For profit planning and perhaps as it is only reliable measure in profitability analysis, management should consider the contribution margin a product makes to joint cost after separable or individual cost are deducted from sales. The contribution margin allows management to predict the amount that a segment or product line will add or subtract from company profits.

In profitability analysis, this margin is not the product’s net profit figure. It only indicates relative profitability in comparison with other products. Net profit determined by allocating to segments an ‘equitable’ share of all costs, both separable and joint, associated with the group of segments is not a reliable guide to profit-planning decisions because these data cannot be used for predicting the outcome of decisions in terms of the change in aggregate net profit. For these reasons, attempts to allocate joint marketing costs to products and customers by time studies of salespersons’ activities often yield results which are unreliable for appraising segment profitability.

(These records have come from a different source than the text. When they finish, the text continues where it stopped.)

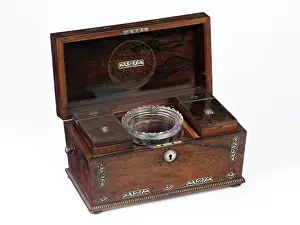 Rosewood: Tea caddy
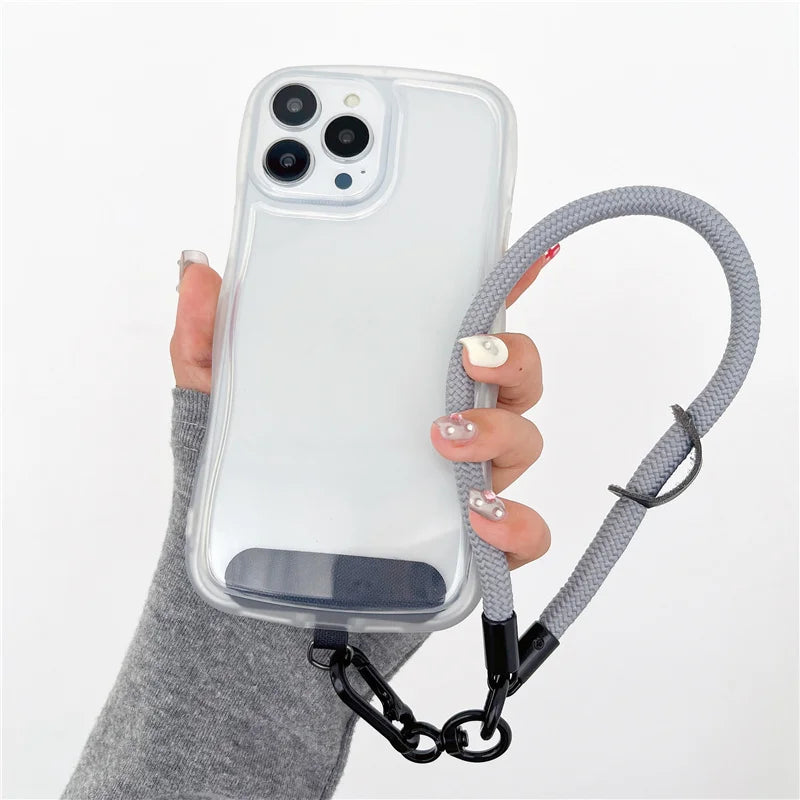 8mm Thick Anti-lost Mobile Phone Lanyard Crossbody Detachable Neck Cord Outdoor Sturdy And Durable Hanging Wrist Strap - Premium  from Lizard Vigilante - Just $4.99! Shop now at Lizard Vigilante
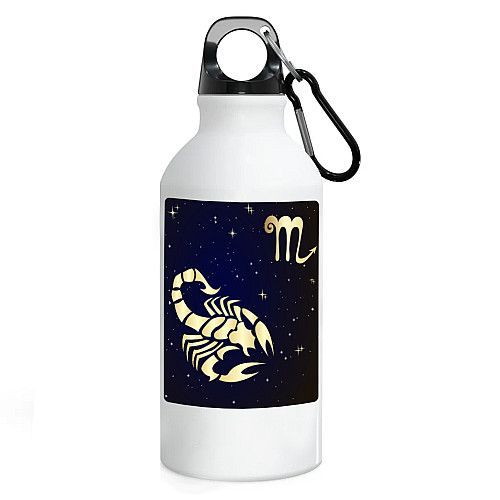 Фляга No Brand Скорпион Знак зодиака 500 мл Белый (flyaga-kk-27)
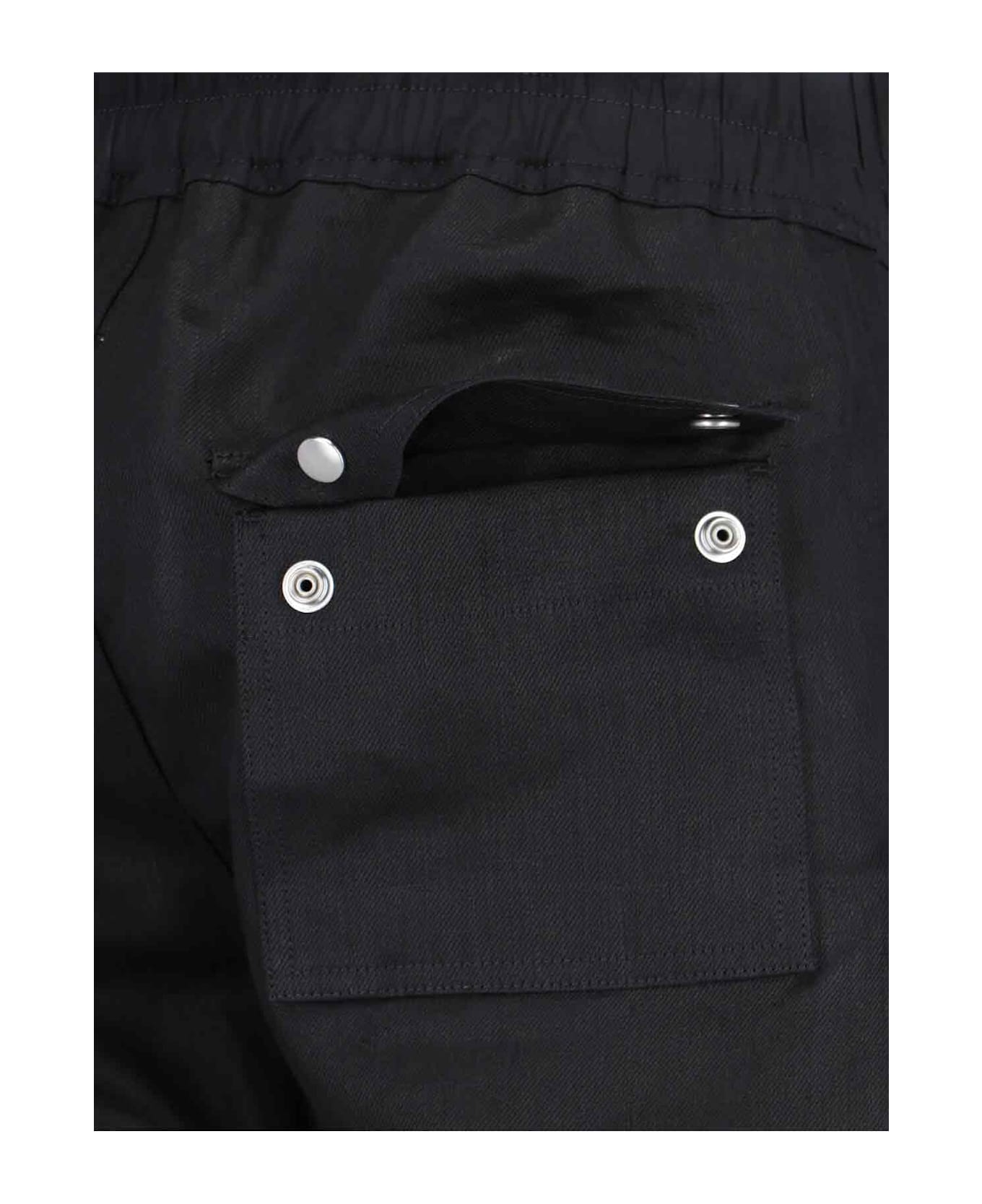Rick Owens 'bauhaus' Cargo Pants - Black
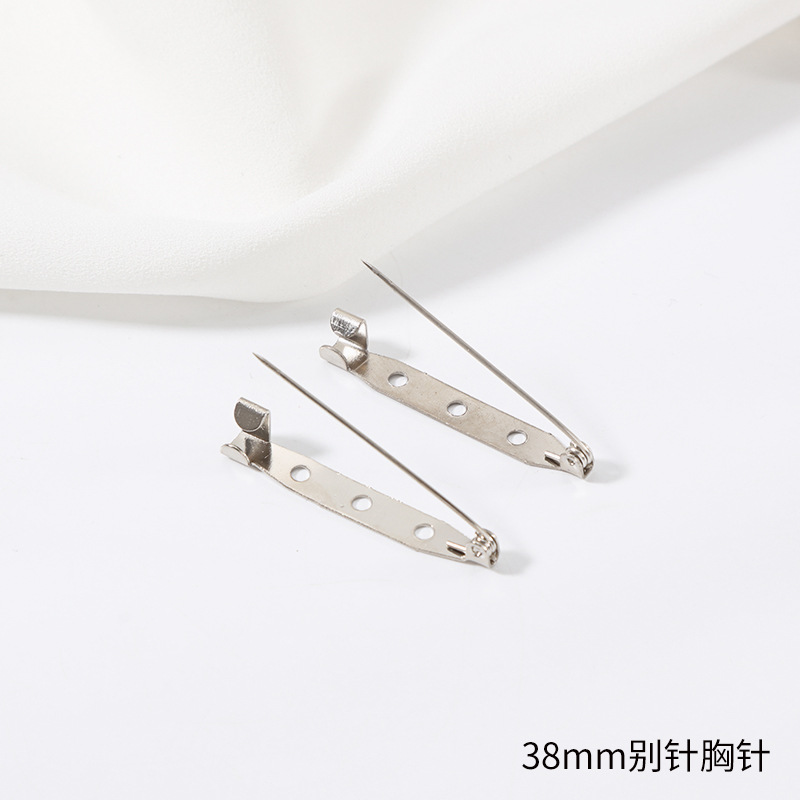 ピンの安全針の胸の花の底のボタンの針はロックの頭のネクタイのブローチの手作りのdiyの毛の服のボタンの部品の材料を持ちます。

The Federal Trade Commission recently required that certain businesses furnish cost-and-profit data for a wide range of specific product categories. In 1974 the Securities and Exchange Commission began requiring that annual reports to stockholders include revenue and profit by business. The Financial Accounting Standards Board is researching possible segment reporting requirements for external financial statements.

Businessmen resist such requirements. One of their main arguments is that cost allocation today with multiple products and product lines is wrought with great danger of improper interpretation caused by arbitrarily allocated joint costs. Of course, as this topic indicates, there are acceptable ways of allocating joint product costs and even separable costs. Yet, it makes a difference which method is chosen. The decision determines the degree of profitability of the various products.

When the allocation method is applied the first time, the cost is based on the present price is the subject of the regulatory process. By means of profitability analysis, a firm can take better decision in pricing.